In unserer Interviewreihe Zur Sache! teilen Experten aus dem EGC-Netzwerk ihr Fachwissen und ihre Erfahrungen zu wichtigen Fragestellungen, die Finanzdienstleister aktuell beschäftigen. In Interviews stehen sie Rede und Antwort, erläutern Sachverhalte im Detail und teilen spannende Consulting Insights, die für Sie von Nutzen sind. Benötigen Sie weitere Informationen zu den Fragestellungen? Treten Sie gerne in den Dialog mit uns.
Kernbanksysteme sind das Rückgrat in der IT-Architektur von Banken. Die Einführung ist eine langwierige und oftmals teure Angelegenheit. Umso wichtiger ist es, das richtige, zur jeweiligen Bank passende System auszuwählen. Unser EGC-Experte Dominik Kecskemeti erläutert im Interview mit Hermann Sgardelli, auf welche Faktoren dabei besonders zu achten ist.    
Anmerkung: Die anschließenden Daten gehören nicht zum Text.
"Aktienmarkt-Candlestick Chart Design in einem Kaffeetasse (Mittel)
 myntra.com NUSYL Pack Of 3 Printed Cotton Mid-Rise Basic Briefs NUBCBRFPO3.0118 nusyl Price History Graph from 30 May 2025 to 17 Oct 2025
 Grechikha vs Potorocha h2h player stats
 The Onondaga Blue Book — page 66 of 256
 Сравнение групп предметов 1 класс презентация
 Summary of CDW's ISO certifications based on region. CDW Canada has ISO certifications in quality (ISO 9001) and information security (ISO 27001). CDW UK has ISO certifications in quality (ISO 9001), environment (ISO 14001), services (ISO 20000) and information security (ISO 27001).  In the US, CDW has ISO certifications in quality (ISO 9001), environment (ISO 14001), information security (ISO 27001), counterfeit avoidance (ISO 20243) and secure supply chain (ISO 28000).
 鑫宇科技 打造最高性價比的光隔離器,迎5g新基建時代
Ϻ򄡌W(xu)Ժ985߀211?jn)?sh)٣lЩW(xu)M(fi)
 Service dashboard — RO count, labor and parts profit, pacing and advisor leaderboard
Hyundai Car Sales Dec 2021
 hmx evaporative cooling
​Lieber Dominik, wir gratulieren Dir zu deinem Masterabschluss. Im Zuge deiner Masterthesis hast Du beleuchtet, anhand welcher Kriterien ein Kernbanksystem ausgewählt werden kann. Bitte erläutere doch einmal, wie Du überhaupt zu dem Thema gekommen bist.

Im Rahmen meiner Tätigkeit bei EGC durfte ich schon Kernbanksystemauswahlverfahren und Kernbanksystemmigrationen begleiten. Dabei ist mir aufgefallen, dass es für viele Banken nicht eindeutig ist, anhand welcher Kriterien ein Kernbanksystem ausgewählt werden kann. Umso spannender wird es, wenn man die aktuelle Marktlage beobachtet. Im Zuge meiner Recherchetätigkeit wurde meine Hypothese durch die Literatur und Experteninterviews gestützt, dass viele Banken mit der Herausforderung konfrontiert sind, eine Kernbanksystemmodernisierung forcieren zu müssen. Zugleich gibt es zahlreiche Beispiele, in denen der Kernbanksystemwechsel missglückt ist. Berücksichtigt man die Tatsache, dass es sich bei Kernbanksystemmigrationen um langfristige Projekte mit Investitionssummen im zwei- bis dreistelligen Millionenbereich handelt, sollte die Auswahl des neuen Systems möglichst sorgfältig erfolgen. Genau hier setzt meine Masterarbeit an, indem empirisch untersuchte Auswahlfaktoren bereitgestellt werden.

Das klingt spannend. Jetzt stellt sich natürlich die Frage, welche Faktoren Du untersucht hast.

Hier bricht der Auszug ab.